Hey Python, so you live in Portland or near it? Thats really cool. Yeah, Cayes pets is right on division. Its a great place to just hang out...the people there are really nice. I will buy my piranha from there from now on if I have need for anymore. I don't think I'll be buying anymore reds. I think my next purchase will be a few caribe if I want anymore piranha. I have a total of 10 right now and am very happy with all of them. You should swing by sometime and you can check out my set up once I get it. Right now all my boys are swimmin around in an 80 gallon allglass.


----------



## rosecityrhom (Feb 3, 2003)

Mad, you have one of the best set ups I've seen as far as number of piranha in a tank. 41 is quite amazing in itself...and the fact that you have had no fatalities is the other amazing fact. Keep up the good work and I look foreward to seeing more of your pics and videos. You have the perfect set up for it. I like the pics or videos(can't remember) of all your guys sitting under the concrete slabs...


----------



## bobme (Feb 17, 2003)

I am looking my self to get a 180 - 200 or 250 what ever i can find, any one gots some ideas where to look online?
I am going to check LFS right now.


----------



## GARGOYLE (Feb 12, 2003)

I got me a glass 135 with glass top and lights brand new for $199.99. If anyone is interested the store is in Modesto California.

Tropical Haven
1707 prescott Rd.
Modesto Cali
209 522-4706

Awesome prices on nice built in stand and canopy.


----------



## Xenon (Nov 15, 2002)

GARGOYLE said:


> I got me a glass 135 with glass top and lights brand new for $199.99. If anyone is interested the store is in Modesto California.
> 
> Tropical Haven
> 1707 prescott Rd.
> ...


 Put it in the store locator.


----------



## pythonwill (Feb 2, 2003)

> Hey Python, so you live in Portland or near it? Thats really cool. Yeah, Cayes pets is right on division. Its a great place to just hang out...the people there are really nice.

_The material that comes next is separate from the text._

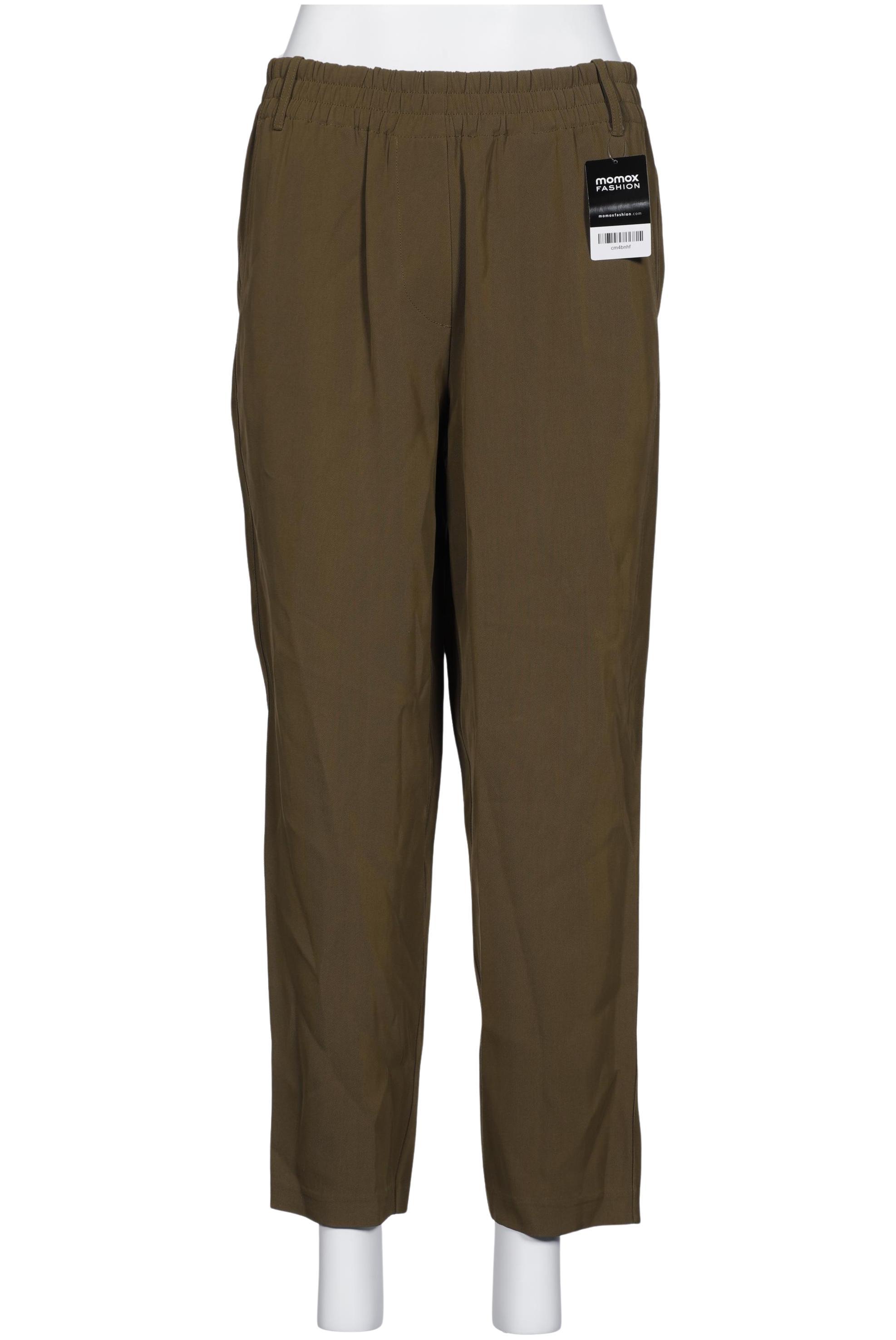 

Marc O Polo Damen Stoffhose, grün, Gr. 38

I will buy my piranha from there from now on if I have need for anymore. I don't think I'll be buying anymore reds. I think my next purchase will be a few caribe if I want anymore piranha. I have a total of 10 right now and am very happy with all of them. You should swing by sometime and you can check out my set up once I get it. Right now all my boys are swimmin around in an 80 gallon allglass.


Ya I live out West a ways, Im in Banks if you know where that is. I have been to Cayes before they had a sweet aro just inside the door.but they only had reds for Piranha's and im am not looking for any more of them. maybe our paths will cross some day in the Piranha trade.
Take care
Will


----------



## rosecityrhom (Feb 3, 2003)

Very cool...yeah they're arowana is sweet. The lady that works there told me he bit here while she was trying to feed him. She said f*** it and told the person who owned him to feed him from now on. Try A to Z...they're up on Division as well and every now and again you can find a Spilo or Rhom(they say they're Rhoms anyway). I just don't go there anymore cause I don't like the way they house there piranha.


----------